## WORK INSTRUCTION
Could you write out, exactly as they stand, only the lines in the listing below from the line with "In between I" to the line with "Select all boxes", both ends included, without the pictures?

## DATA FOR THIS EXERCISE
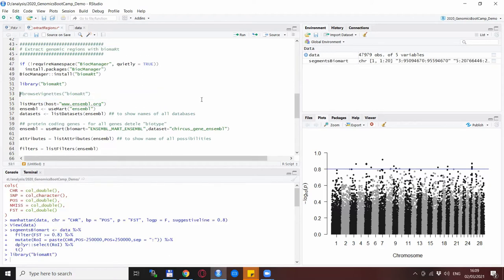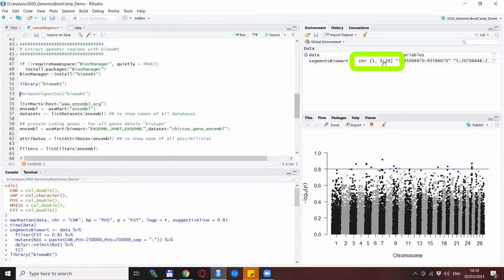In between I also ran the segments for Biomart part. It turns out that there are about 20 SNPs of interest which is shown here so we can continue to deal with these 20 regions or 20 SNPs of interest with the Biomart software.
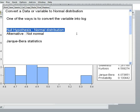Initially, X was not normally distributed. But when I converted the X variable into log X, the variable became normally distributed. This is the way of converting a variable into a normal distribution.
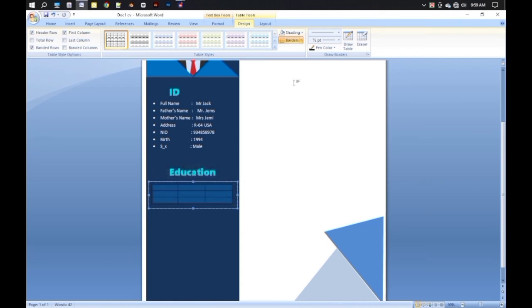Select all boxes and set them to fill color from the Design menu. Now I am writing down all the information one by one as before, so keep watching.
---
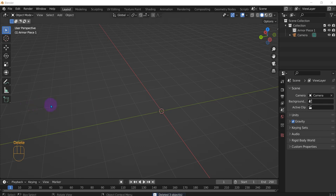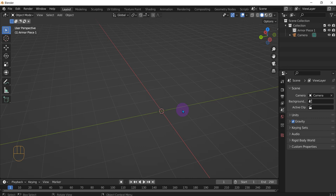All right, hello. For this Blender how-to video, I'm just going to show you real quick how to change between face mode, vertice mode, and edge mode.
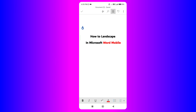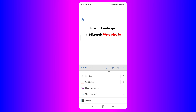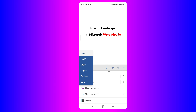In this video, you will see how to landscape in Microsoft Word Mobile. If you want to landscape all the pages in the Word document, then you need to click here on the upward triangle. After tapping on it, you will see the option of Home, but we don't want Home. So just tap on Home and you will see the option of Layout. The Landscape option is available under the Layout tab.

## FINISHED TASK
In between I also ran the segments for Biomart part. It turns out that there are about 20 SNPs of interest which is shown here so we can continue to deal with these 20 regions or 20 SNPs of interest with the Biomart software.
Initially, X was not normally distributed. But when I converted the X variable into log X, the variable became normally distributed. This is the way of converting a variable into a normal distribution.
Select all boxes and set them to fill color from the Design menu. Now I am writing down all the information one by one as before, so keep watching.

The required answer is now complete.